Axonopathy and Reduction of Membrane Resistance: Key Features in a New Murine Model of Human G M1 -Gangliosidosis.

G _M1 -gangliosidosis is caused by a reduced activity of β-galactosidase ( Glb1 ), resulting in intralysosomal accumulations of G _M1 . The aim of this study was to reveal the pathogenic mechanisms of G _M1 -gangliosidosis in a new Glb1 knockout mouse model. Glb1 ^-/- mice were analyzed clinically, histologically, immunohistochemically, electrophysiologically and biochemically. Morphological lesions in the central nervous system were already observed in two-month-old mice, whereas functional deficits, including ataxia and tremor, did not start before 3.5-months of age. This was most likely due to a reduced membrane resistance as a compensatory mechanism. Swollen neurons exhibited intralysosomal storage of lipids extending into axons and amyloid precursor protein positive spheroids. Additionally, axons showed a higher kinesin and lower dynein immunoreactivity compared to wildtype controls. Glb1 ^-/- mice also demonstrated loss of phosphorylated neurofilament positive axons and a mild increase in non-phosphorylated neurofilament positive axons.

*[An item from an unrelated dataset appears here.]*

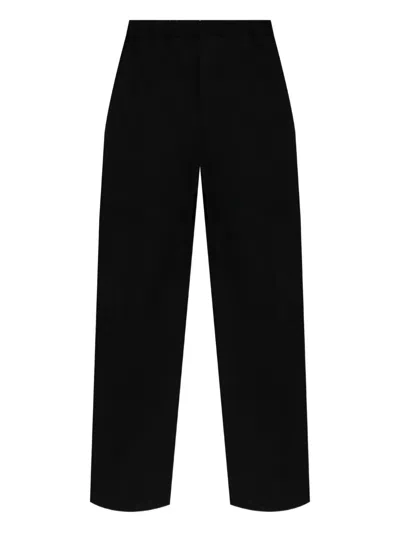 Maison Kitsuné Logo-patch Pants In Black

Moreover, marked astrogliosis and microgliosis were found, but no demyelination. In addition to the main storage material G _M1 , G _A1 , sphingomyelin, phosphatidylcholine and phosphatidylserine were elevated in the brain. In summary, the current Glb1 ^-/- mice exhibit a so far undescribed axonopathy and a reduced membrane resistance to compensate the functional effects of structural changes. They can be used for detailed examinations of axon-glial interactions and therapy trials of lysosomal storage diseases.